2. The picking robot autonomous operation decision method according to claim 1, characterized in that, The step of performing reinforcement learning training on the harvesting action process of the harvesting robot in multiple virtual scenarios based on the reward function to determine the optimal harvesting action function includes: The picking process of the robotic arm was repeatedly simulated in multiple virtual scenarios; During the simulation, the motion information of the harvesting robot model is acquired, and the motion information is input into the reward function to calculate the total reward value; Based on the total reward value, determine the optimal picking action process for each virtual scene; Based on the virtual scene and the corresponding optimal picking action process, determine the optimal picking action function.
3. The picking robot autonomous operation decision method according to claim 1, characterized in that, The target picking area is located on the side of the branch model facing the picking robot model.
4. The picking robot autonomous operation decision method according to claim 1, characterized in that, The branch includes a fruit stalk and a main stem, with the two ends of the fruit stalk connected to the fruit and the main stem, respectively; The branch model includes a first column and a second column; the first column has the same size and extension direction as the main stem and is used to simulate the main stem.
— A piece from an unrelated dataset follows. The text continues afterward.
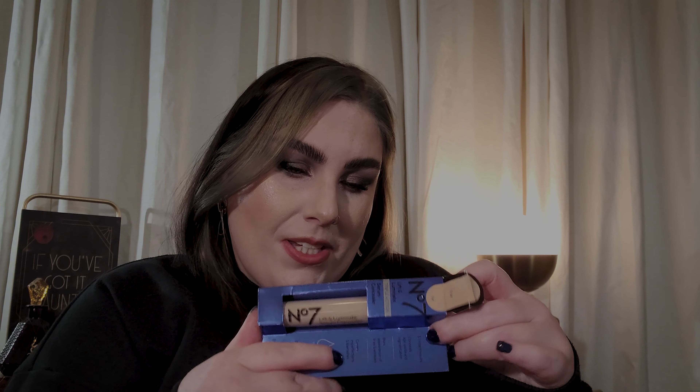I also picked up a concealer I've been meaning to try from No. 7 — the Triple Action Lift and Laminate Concealer. I've been meaning to pick this up for the longest time, so expect a review. I'm a big fan of No. 7 and this is a serum concealer, which I like — buildable coverage, covers imperfections and blemishes, blurs fine lines. I got it in the shade fair. It's a little deeper than I'd like but we'll give it a go.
The second column has the same dimensions and extension direction as the fruit stalk, and is used to simulate the fruit stalk; The fruit model includes a third column, the size and extension direction of which are the same as those of the fruit, and is used to simulate the fruit.
5. The picking robot autonomous operation decision method according to claim 4, characterized in that, The target picking point is on the second column; the target picking plane passes through the target picking point, the target picking plane is perpendicular to the plane where the branch model is located, and is parallel to the first column.
6. The picking robot autonomous operation decision method according to claim 1, characterized in that, The step of controlling the harvesting robot to perform harvesting tasks in the actual environment according to the optimal harvesting action function includes: Based on the images of the fruit and branches, determine the input parameters of the optimal picking action function; Input the input parameters into the optimal action function to obtain the optimal picking action process; Based on the optimal harvesting procedure, the harvesting robot is controlled to complete the harvesting.